To help employees avoid feeling isolated, Chili Piper also rents employees space in coworking offices such as those operated by WeWork.
Lewis says the challenges remote workers face are often exacerbated by managers who haven’t been trained in managing people from a distance. Often, these managers may be skeptical that teleworkers are actually working.
“Some managers still believe teleworking is really a dodge for taking care of kids or goofing off,” he says.
This level of distrust can end up doing real harm to the relationship between remote workers and the company, says Lewis. Trained managers, in comparison, understand how to give remote workers the opportunity to demonstrate that they’re productive and successful, he says.

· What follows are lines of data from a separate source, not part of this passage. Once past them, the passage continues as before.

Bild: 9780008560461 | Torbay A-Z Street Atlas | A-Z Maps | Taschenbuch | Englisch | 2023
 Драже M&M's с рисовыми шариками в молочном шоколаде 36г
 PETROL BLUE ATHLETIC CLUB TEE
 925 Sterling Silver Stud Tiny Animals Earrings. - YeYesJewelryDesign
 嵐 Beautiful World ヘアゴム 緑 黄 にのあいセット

“It’s not about having creepy webcams to spy on these employees, but helping managers successfully lead remote teams,” says Lewis.
Remote workers should also be prepared to make changes on their own to combat feelings of isolation. Schawbel says he learned to build in face-to-face meetups during each workday to ensure he wasn’t spending all of his hours alone in front of a screen.
“I started scheduling my days so I was regularly meeting other people, whether it was coffee with friends, lunches with clients or business partners, what-have-you,” he says. “I got very strict about blocking off time for those meetups, because it’s very easy to fall into that trap of working all the time without realizing you’re shutting yourself off from the outside world.”